C’est une histoire très logique.

Lorsque Jeanne revint au bercail, joyeuse d’avoir enfin quitté le vieux couvent de province où s’étiolait la grâce de ses seize ans, son père, riche négociant d’un esprit très borné, eut avec son épouse un grave conciliabule dans lequel il fut décidé que, vu la grande jeunesse de la demoiselle, il convenait de la tenir longtemps encore à l’écart des plaisirs mondains. Le décret fut signifié à l’intéressée qui se résigna, non sans rancœur.

D’une gracilité un peu gauche, trop svelte, mais quand même jolie de la mélancolie douce de ses longs yeux sombres, troublants non moins que sourire, — aurore printanière, Jeanne causait peu, rêvait davantage, s’ennuyait jusqu’à regretter la monotone claustration, les veilles dans l’inconnu, l’enlinceulement extatique de l’internat. Elle s’était réfugiée dans sa chambrette, n’en sortait que pour les repas, brodait sans relâche près de la croisée où, — muettes et tendres confidentes, lumière dans sa nuit, — quelques fleurs souriaient à la solitude désolée de la rue ; hortensias aux roseurs pâles, héliotropes éternellement amoureux du soleil, clématites, cadre délicat à la virginale beauté.

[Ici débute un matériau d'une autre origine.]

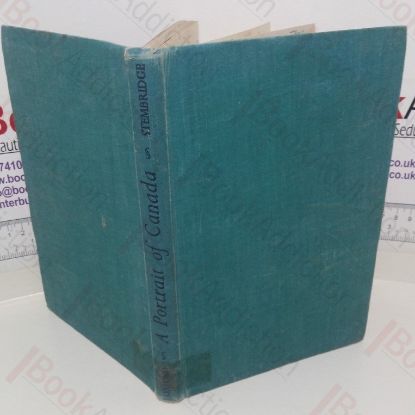 Picture of A Portrait of Canada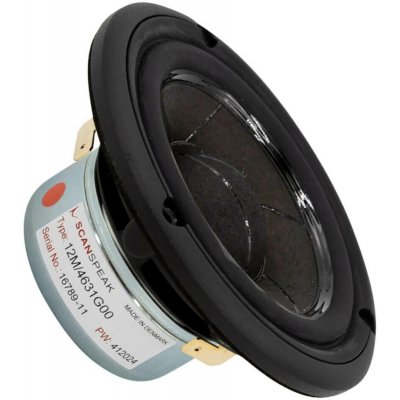 Scan Speak Revelator 12M/4631G00 – Zboží Živě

Or, chaque matin, à la même heure, un refrain banal aux lèvres, passait devant la fenêtre un garçon boucher. Sa chanson sifflée sur un rythme canaille, détonnait en notes criardes dans l’apaisement d’alentour. La musique était piteuse, le chanteur insignifiant, mais, par son immuable régularité, l’arrivée de cet individu quelconque prenait les proportions d’un événement normalement indispensable au programme de la journée.

Dans l’état d’esprit où se trouvait Jeanne, — sa résolution bien arrêtée de vivre en elle-même — le retour exact, quotidien de cette vision (annihilée si elle se fut manifestée fortuitement ou en des occurrences diverses), par sa précision devenait l’obsession peu à peu triomphante, la réponse à une phase spéciale dans le cycle du temps vécu. C’était pour cette cloîtrée une anomalie dominatrice, la sensation dangereuse, inexplicable, forcément désirée à son heure, dont la ponctuelle continuité, après avoir inquiété l’imagination, envahit le cœur.

Phénomène particulier qui, avec une détermination plus intense, subit les lois de l’habitude sans en affecter le caractère ! Ses causes sont tout extérieures, en dehors de nous, de nos penchants, du hasard. L’habitude satisfait à des besoins latents en notre âme, qu’une impression éphémère suffit à exalter durablement.

Or, il advint que pendant trois jours le boucher ne parut pas. D’abord surprise, puis apeurée, Jeanne commença à souffrir horriblement de cette modification aux choses coutumières.

Sans qu’elle s’en rendit compte, le poison versé s’infiltrait lentement goutte à goutte. Au cœur de cette jolie vierge, un profond amour s’enracinait pour ce vilain bonhomme vulgaire et sot. Voici comment, le quatrième jour, quand le héros de cette étrange idylle regarda Jeanne, en dépit de sa fierté, de sa chair encore endormie, toute pâle, elle lui sourit, avec un mélange d’effarement et de tendresse auquel il ne put se méprendre. Il s’enhardit jusqu’à lui causer. Elle lui répondit. Des paroles on en vint aux baisers. Un soir, il s’introduisit dans la chambre. Après une brève défaillance, la jeune fille se défendit si vaillamment que le séducteur repoussé dans la tentative suprême fit la moue et ne se montra plus.

Jeanne fut inconsolable. Vainement les parents, étonnés de ses larmes, s’empressèrent à la distraire. Les jolis messieurs élégants, les valseurs émérites qui ne connaissent point de rivaux dans les soirées ne fixèrent point l’attention de la pauvre désespérée. Elle ne se dissimulait guère la supériorité de ceux-là sur le grotesque qui la faisait ainsi se lamenter. Trop tard ! le deuil exaspérait la passion naissante. En dépit de tout et de tous, elle serait à jamais à son étrange fiancé.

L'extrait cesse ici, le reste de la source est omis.